На дневные сеансы школьникам билет стоил всего десять копеек, и можно было этого не говорить. Просто Васька думал, что лучше: закончить новый пистолет или достать из копилки десьмунчик и с Сашкой сходить в кино.
Кино перевесило, и через пять минут они дружно маршировали к Дворцу Культуры с белыми колоннами и большим фонтаном на площади перед ним.
Под колоннами возле памятника Чехову кучковались еще пятеро пришедших на дневной сеанс пацанов.
— Во! Еще два дебила, — закричал кто-то из них. — А кина-то не будет!
— Чего это?
— А вот мы, да вы — и все зрители. В кассе билеты не продают, пока народ не придет.
И тогда все решили еще подождать народ. А пока народ не собрался, можно было поиграть.
Побегали. Позабирались на фонтан, а потом и на каменного Чехова. Поиграли в камень-ножницы-бумага. Потом кто-то предложил «покатать». В стукалку им бы тут не разрешили, сразу бы разогнали. А покатать — это запросто. Берешь свою монету, наклоняешься и аккуратно катаешь ее перед собой, чтобы она ехала на ребре. Тут уже не на деньги игра — на интерес. Кто дальше всех закатает? Монеты выписывают кругаля, сворачивают с трассы, падают, всем смешно.
Сашке не смешно. Когда второй раз катнули, он куда-то свой пятнарик закинул, похоже. И теперь он не смеется, а бродит вокруг играющих, смотрит в землю, ищет… Нет монетки. А если сейчас всех в кассу позовут? Он, выходит, останется?

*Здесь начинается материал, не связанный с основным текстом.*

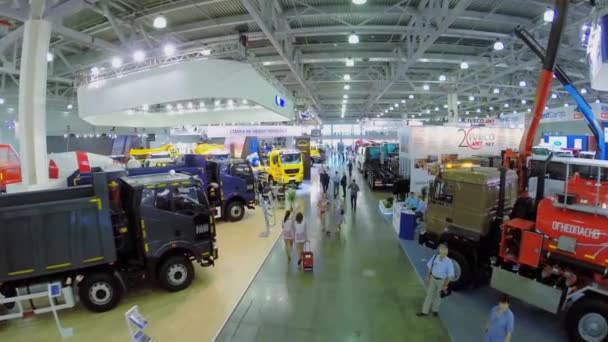 Люди ходять по павільйону з будівельними машинами під час виставки — стокове відео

В кассе сказали, что кино не будет, потому что зрителей мало. Идите отсюда, — сказали так в кассе.
Все помялись немного, а потом кто-то сказал, что еще есть сеанс через час в парке, в летнем кинотеатре. И тогда все пошли туда. Они шли, галдели, пихались, и только Сашка шел грустный, потому что не знал, что теперь делать. Дома ведь наверняка спросят, какой фильм, что показывали. А что показывали? Вот, деньги потерял…
Под такие размышления дошли до деревянного летнего кинотеатра без крыши. Вернее, деревянными были высокие стены, сбитые из почерневших от времени досок. А то место, где была касса и кинобудка, из кирпича. Как четвертинка дома такая узкая. На афише просто было написано красными буквами: «Чарли Чаплин».